The following article consists of my thoughts, emotions and life experiences. Thank you for allowing me to share my mind space with you.
When you hear people talking about loving themselves, what do you think? (Take a moment to answer my question in your head before you read further)
For me the hardest lesson I’ve ever had to learn was how to love myself. You’d honestly think it was a pretty easy thing to do. I mean it’s you! Your being, your skin, your features, your feelings? How could you not love yourself??? Being a woman, I live in a society which continuously tries to drill a certain perspective of life into me e.g. what I should feel, wear or who I should date.
My twenties were all about that. Trying to be the prettiest, the skinniest, the ‘everything’. I wasted time. I really did. I was more concerned with what people thought of me than what I thought of myself.
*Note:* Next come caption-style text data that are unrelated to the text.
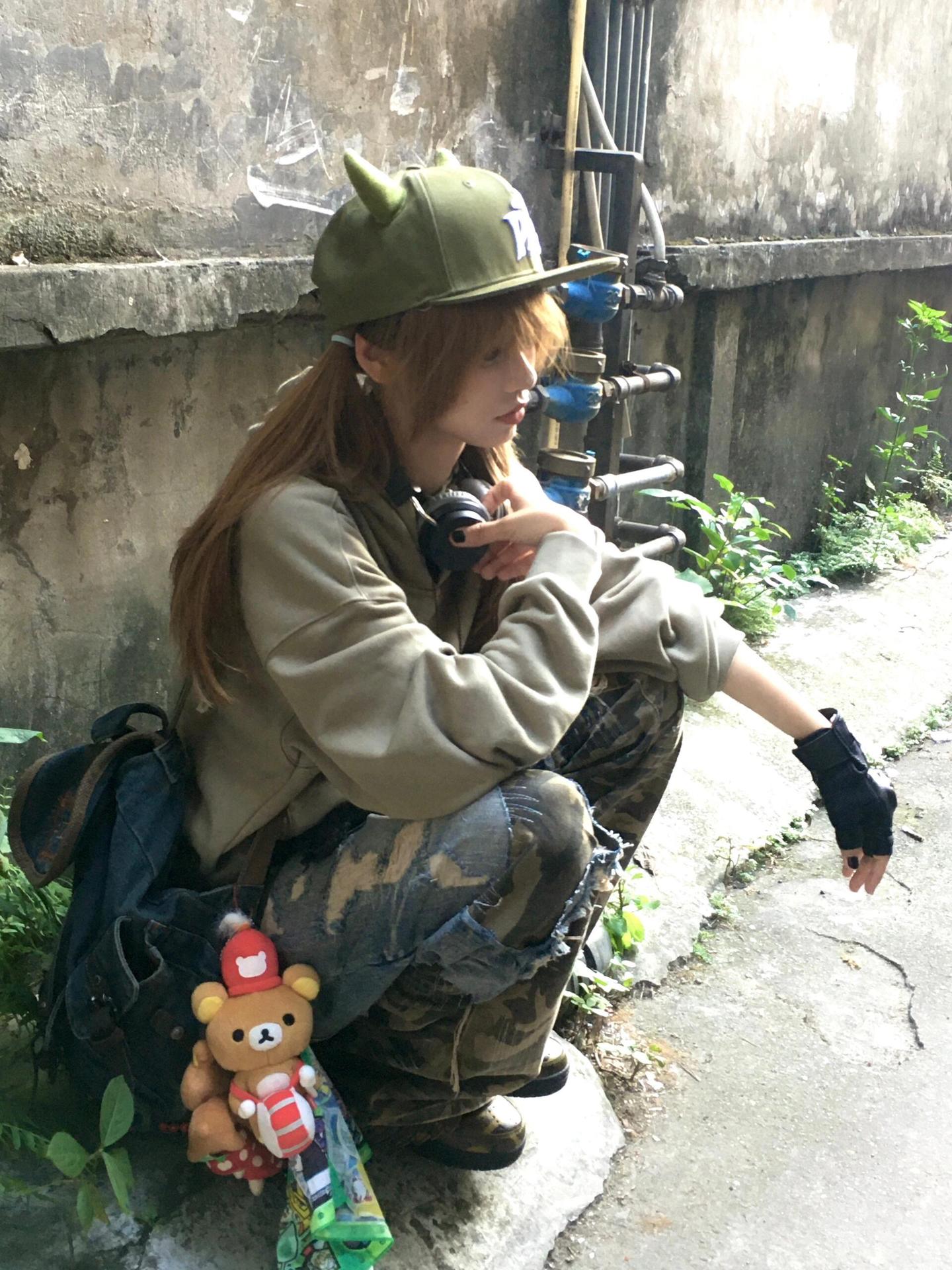 Junge Europäischen Und Amerikanischen Stil Pad Tuch Camouflage Patchwork Zerrissene Jeans 2025 Neue Street Fashion Design Lose Gerade_voghion.com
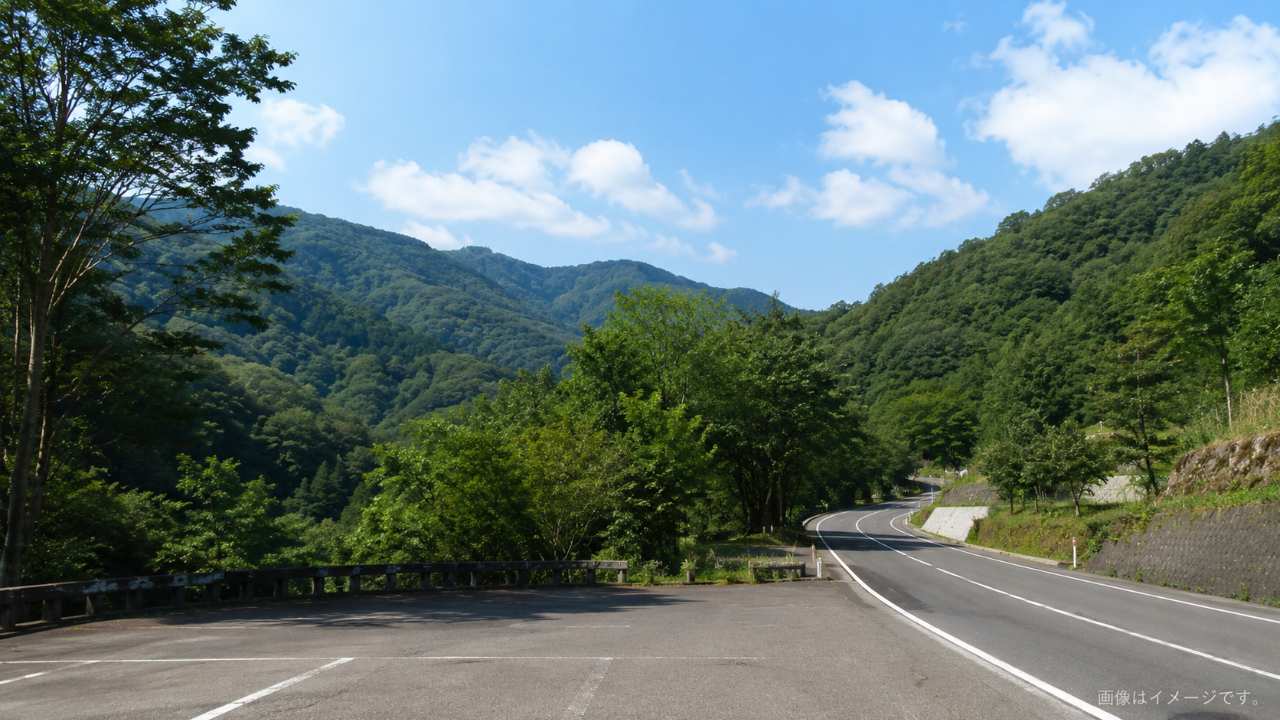雪割渓谷に架かる現在の雪割橋と周囲の深い谷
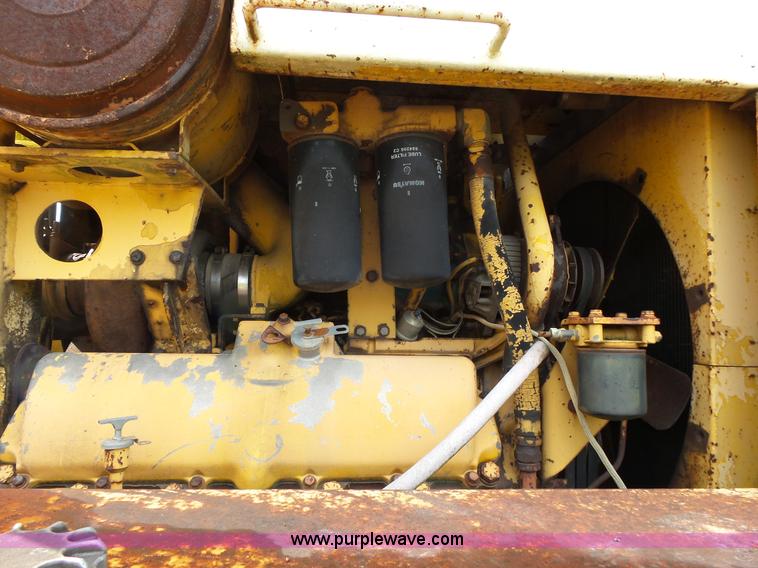 image for item L2044 International 433 Pay Scraper conventional scraper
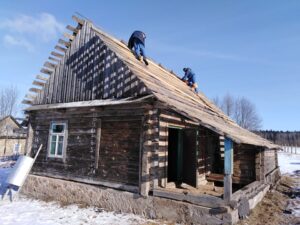 "Чарговай разборкі-зборкі не перажыве". Пад Гальшанамі зносяць старадаўнія хаты ў аграсядзібе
I spent years trying to please people I had no business pleasing, helping people who didn’t appreciate my help, befriending people who were never my friend. As I got older I realized something. I didn’t love myself. I didn’t appreciate who I was. I didn’t want to admit that I was worth more than I gave myself credit for. So I gave that credit to everyone else.
I grew up in a family of 6 kids. 3 brothers, 2 sisters. My 2 older sisters were and still are beautiful. Now imagine being the little sister of 2 extremely popular and beautiful sisters. You know girls, cheerleaders, top of the class, all the boys want them, that’s my sisters. I grew up in their shadow. Not only did I have 2 beautiful sisters, I had gorgeous cousins. One of my cousins, was a serial beauty pageant winner. There I was, a book worm and nerd. Wasn’t popular at school, I had no desire to be, I couldn’t lift my head up from a book long enough. You know when you hear family says ‘she’s so lucky she’s smart’. I thought ok, my goal in life is to be smart. Not beautiful, sexy, adventourous, outspoken, no, just smart.